On Mon, Aug 24, 2009 at 12:06 PM, David Paleino<d.pale...@gmail.com> wrote:
> There's no physical barrier, and the lanes are divided by continuous lines
> -- that would be a no-changing-lanes restriction, but I'd still be
> uncomfortable with drawing two separate ways -- that doesn't reflect real 
> world.
>
> Satellite image:
>
>  http://maps.google.com/?ie=UTF8&ll=38.12436,13.355808&spn=0.001091,0.002411&t=k&z=19
>
>  (the street from NW is the one from S in my drawing --
>  http://imagebin.ca/view/SjGkG4.html )
>
> If you zoom in, you can clearly see the horizontal signals (at least at the NW
> street, there's some shadow hiding those in the SW one).
>
> If there are no other suggestions, I'll try to think at something :/

You also referred to http://en.wikipedia.org/wiki/Continuous_flow_intersection

I don't remember ever seeing one of these in the wild.

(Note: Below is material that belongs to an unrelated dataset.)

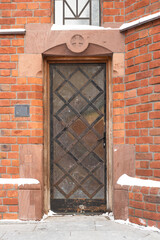Vertical shot of a vintage metal door on an aged church building with bricks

I don't think that the intersection that you are looking at is a
continuous flow intersection as described in the wikipedia article.
It appears to be a simple cross junction of two one way roads.  Is
that correct?  If so I would map it with a single node at two
crossing, one-way, ways.

Here, in Ontario Canada, this junction would have no special signage,
other than the one-way arrows (and do not enter, for the opposite).
We have Right turn allowed on red light.
http://en.wikipedia.org/wiki/Right_turn_on_red

This is abstracted locally to include left turn allowed on red when
the junction is one-way to one-way.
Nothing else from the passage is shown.